> **Problem details**
Of all the lines below, return only those starting with the line holding "মানুষের শেষ ঠিকানার নীরব কারিগর আব্দুল হাই" and going on through the line holding "image-housing-carousel", exactly as written.

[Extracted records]
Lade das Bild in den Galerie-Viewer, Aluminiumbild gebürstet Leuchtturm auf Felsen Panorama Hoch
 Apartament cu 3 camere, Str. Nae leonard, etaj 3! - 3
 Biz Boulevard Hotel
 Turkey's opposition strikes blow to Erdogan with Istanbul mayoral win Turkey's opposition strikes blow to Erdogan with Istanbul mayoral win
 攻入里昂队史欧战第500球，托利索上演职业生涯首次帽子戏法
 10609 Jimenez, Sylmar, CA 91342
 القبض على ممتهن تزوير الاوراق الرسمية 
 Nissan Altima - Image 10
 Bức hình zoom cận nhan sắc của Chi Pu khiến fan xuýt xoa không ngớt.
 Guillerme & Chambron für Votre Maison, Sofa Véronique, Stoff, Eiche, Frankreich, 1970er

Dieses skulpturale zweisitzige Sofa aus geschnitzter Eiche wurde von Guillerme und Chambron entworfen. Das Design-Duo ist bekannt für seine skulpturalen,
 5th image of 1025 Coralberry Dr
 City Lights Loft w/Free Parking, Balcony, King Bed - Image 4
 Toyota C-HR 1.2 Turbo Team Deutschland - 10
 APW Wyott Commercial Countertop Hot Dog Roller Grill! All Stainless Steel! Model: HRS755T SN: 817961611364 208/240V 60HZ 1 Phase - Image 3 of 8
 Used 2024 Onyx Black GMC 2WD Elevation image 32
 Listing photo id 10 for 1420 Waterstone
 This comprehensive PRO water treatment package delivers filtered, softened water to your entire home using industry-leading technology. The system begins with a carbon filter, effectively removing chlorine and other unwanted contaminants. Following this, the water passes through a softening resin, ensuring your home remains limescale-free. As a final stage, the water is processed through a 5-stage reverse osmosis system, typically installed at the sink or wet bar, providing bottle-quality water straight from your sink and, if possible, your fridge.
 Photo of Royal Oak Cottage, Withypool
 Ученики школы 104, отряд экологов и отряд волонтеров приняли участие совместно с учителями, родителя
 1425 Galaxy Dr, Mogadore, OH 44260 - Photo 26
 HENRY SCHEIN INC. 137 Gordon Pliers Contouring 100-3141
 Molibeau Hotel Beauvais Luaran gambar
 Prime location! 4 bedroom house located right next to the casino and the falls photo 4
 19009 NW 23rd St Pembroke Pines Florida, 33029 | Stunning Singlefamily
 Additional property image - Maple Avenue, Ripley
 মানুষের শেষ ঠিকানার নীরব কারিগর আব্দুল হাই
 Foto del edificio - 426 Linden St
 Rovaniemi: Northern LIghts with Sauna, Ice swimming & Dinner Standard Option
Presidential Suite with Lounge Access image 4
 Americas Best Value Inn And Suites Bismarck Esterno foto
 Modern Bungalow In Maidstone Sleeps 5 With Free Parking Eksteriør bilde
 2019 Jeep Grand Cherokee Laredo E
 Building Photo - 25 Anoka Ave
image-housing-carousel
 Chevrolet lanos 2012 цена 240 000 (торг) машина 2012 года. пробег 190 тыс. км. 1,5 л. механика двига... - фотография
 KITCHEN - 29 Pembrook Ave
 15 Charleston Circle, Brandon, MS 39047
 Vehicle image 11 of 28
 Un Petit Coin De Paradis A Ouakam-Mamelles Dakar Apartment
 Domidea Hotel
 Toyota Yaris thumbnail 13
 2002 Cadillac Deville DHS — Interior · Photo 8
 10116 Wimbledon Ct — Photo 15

> **Solved exercise**
 মানুষের শেষ ঠিকানার নীরব কারিগর আব্দুল হাই
 Foto del edificio - 426 Linden St
 Rovaniemi: Northern LIghts with Sauna, Ice swimming & Dinner Standard Option
Presidential Suite with Lounge Access image 4
 Americas Best Value Inn And Suites Bismarck Esterno foto
 Modern Bungalow In Maidstone Sleeps 5 With Free Parking Eksteriør bilde
 2019 Jeep Grand Cherokee Laredo E
 Building Photo - 25 Anoka Ave
image-housing-carousel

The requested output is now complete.